BALTIMORE (WJZ) — Acquitted by the court, now answering to their own department. The first of five officers to potentially face internal discipline for his role in the Freddie Gray case began his administrative trial Monday.
WJZ's Kimberly Eiten was there for hours of arguments.
Officer Caesar Goodson is the first of five to come up for administrative trial.
He drove the van where Freddie Gray was fatally injured, and could now lose his badge.
Trading a blue uniform for a brown suit, Goodson sat in a University of Baltimore hall, where a panel of officers will decide if he gets to keep his job.
Hinging on whether or not he violated police policy and procedure while driving the van in which Freddie Gray would suffer deadly neck injuries back in April 2015.
During the first day of the trial, prosecutors played hours of video that showed internal affairs investigators questioning Goodson.
Investigator: Did you in any way give Freddie Gray a rough ride?
Investigator: Did you have any intent for Freddie Gray to sustain injuries that day?
Prosecutors argue he had a duty to put a seat belt on Gray, or him into the van, and that Goodson failed to fully document stops between where he picked up Gray, and the police precinct.

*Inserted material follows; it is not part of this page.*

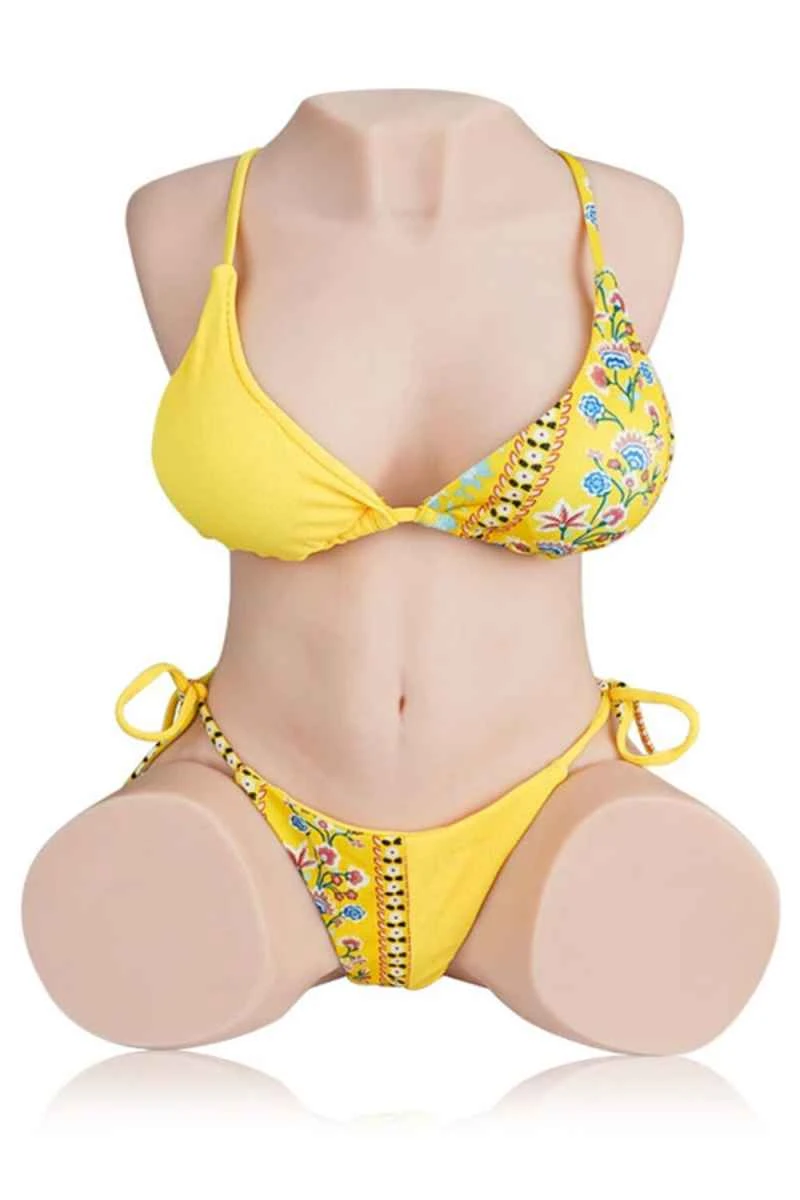 Tantaly Candice 2.0: A Comprehensive Review of the 58cm/1ft11, 41.8LB Ultra-Realistic Sex Doll Exclusive to US, CA & EU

One of dozens of rules he's accused of breaking.
His defense says that back when this happened, there was nothing in police policy about how to handle a combative prisoner.
University of Baltimore law professor David Jaros gave us his thoughts after watching Monday's arguments.
"There are a number of policies at play here," Jaros said. "I think one of the issues will not only be, was there a policy violated, but what is the significance of the failure."
Goodson is a 16-year veteran of the police force.
His trial is expected to go through the beginning of next week because of the huge amounts of evidence involved in the case.
If the panel decides that Goodson broke department policy, it's up to the police commissioner to determine his punishment.